> _What is expected_
Pictures excluded, reproduce exactly the lines below from the one with "A living room" through the one with "a large kitchen", both included.
*** Input data Section Begins ***
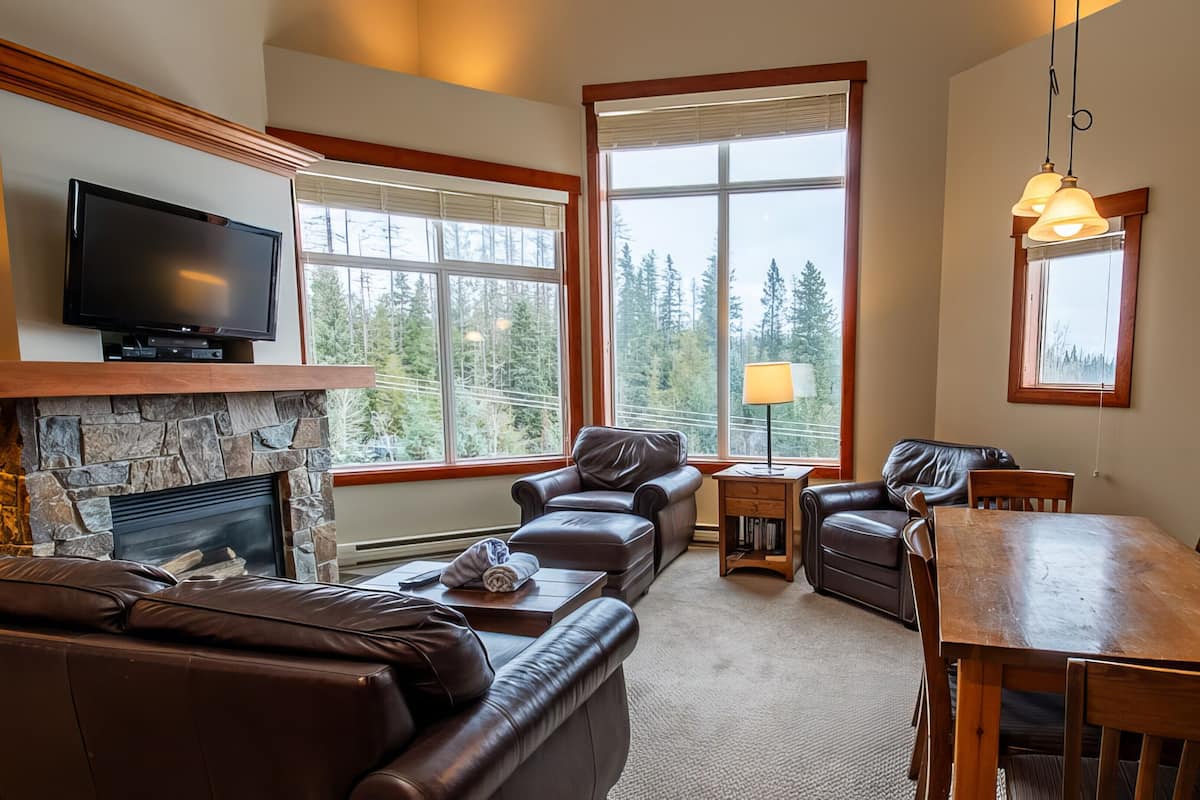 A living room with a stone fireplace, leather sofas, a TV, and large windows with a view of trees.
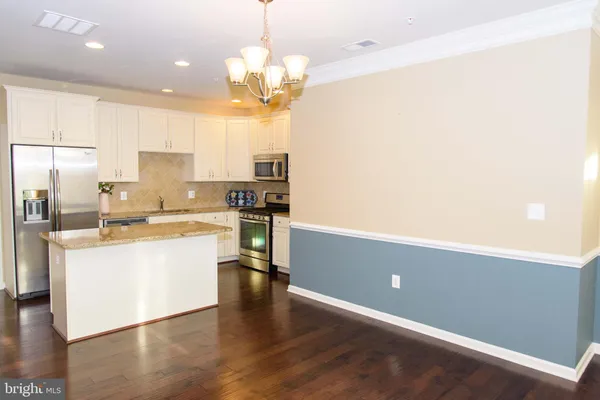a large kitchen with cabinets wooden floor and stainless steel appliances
*** Input data Section Ends ***
*** Input data Section Begins ***
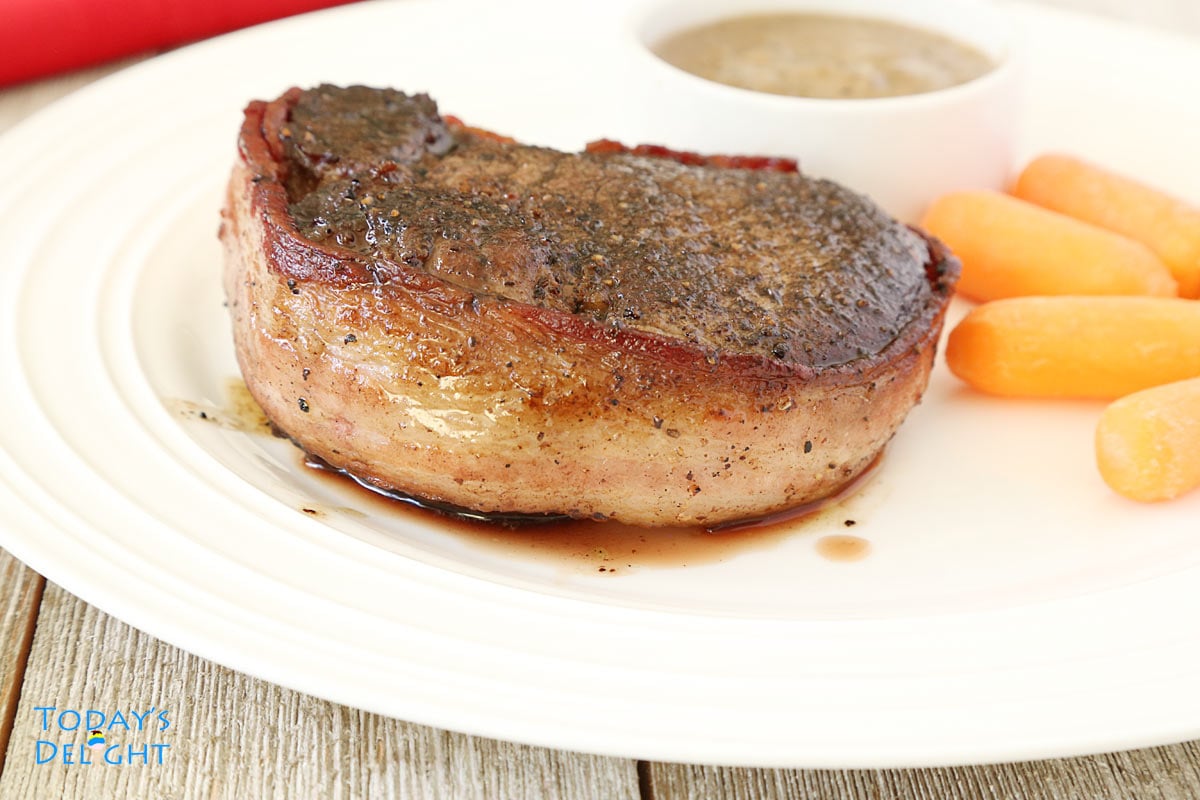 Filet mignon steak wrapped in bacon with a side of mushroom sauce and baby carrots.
*** Input data Section Ends ***
> _Problem solution_
 A living room with a stone fireplace, leather sofas, a TV, and large windows with a view of trees.
a large kitchen with cabinets wooden floor and stainless steel appliances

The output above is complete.